**YOUR OBJECTIVE**
The lines below starting at the line containing "Snapshot of ValiantSemitic" and ending at the line containing "Modern Center With Private Parking *" are to be repeated exactly, with both ends kept and nothing else added.

**TASK INPUTS**
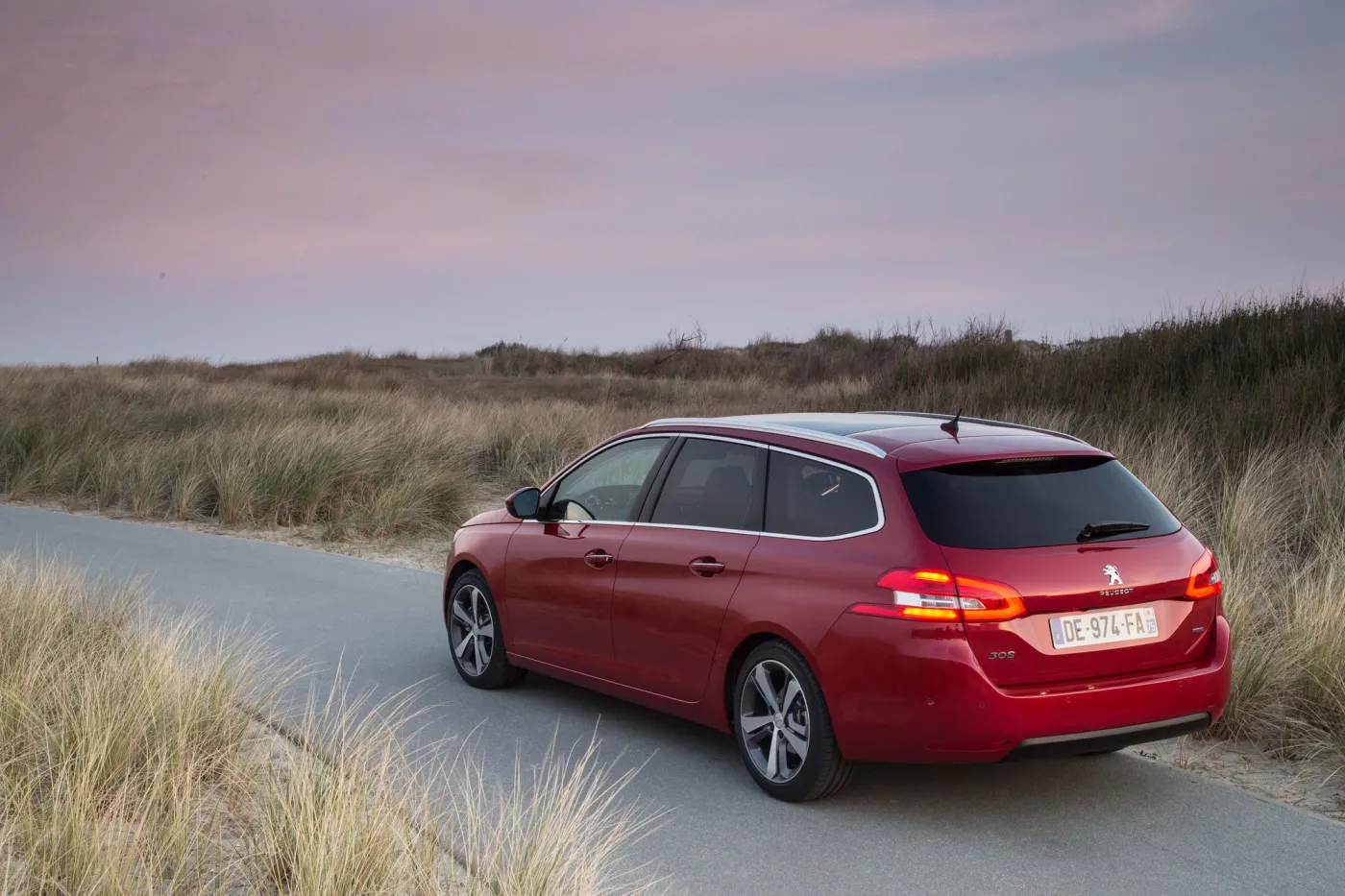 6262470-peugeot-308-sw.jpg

--

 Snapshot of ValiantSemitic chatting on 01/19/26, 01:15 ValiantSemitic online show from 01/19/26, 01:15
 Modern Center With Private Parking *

**WORKED SOLUTION**
 Snapshot of ValiantSemitic chatting on 01/19/26, 01:15 ValiantSemitic online show from 01/19/26, 01:15
 Modern Center With Private Parking *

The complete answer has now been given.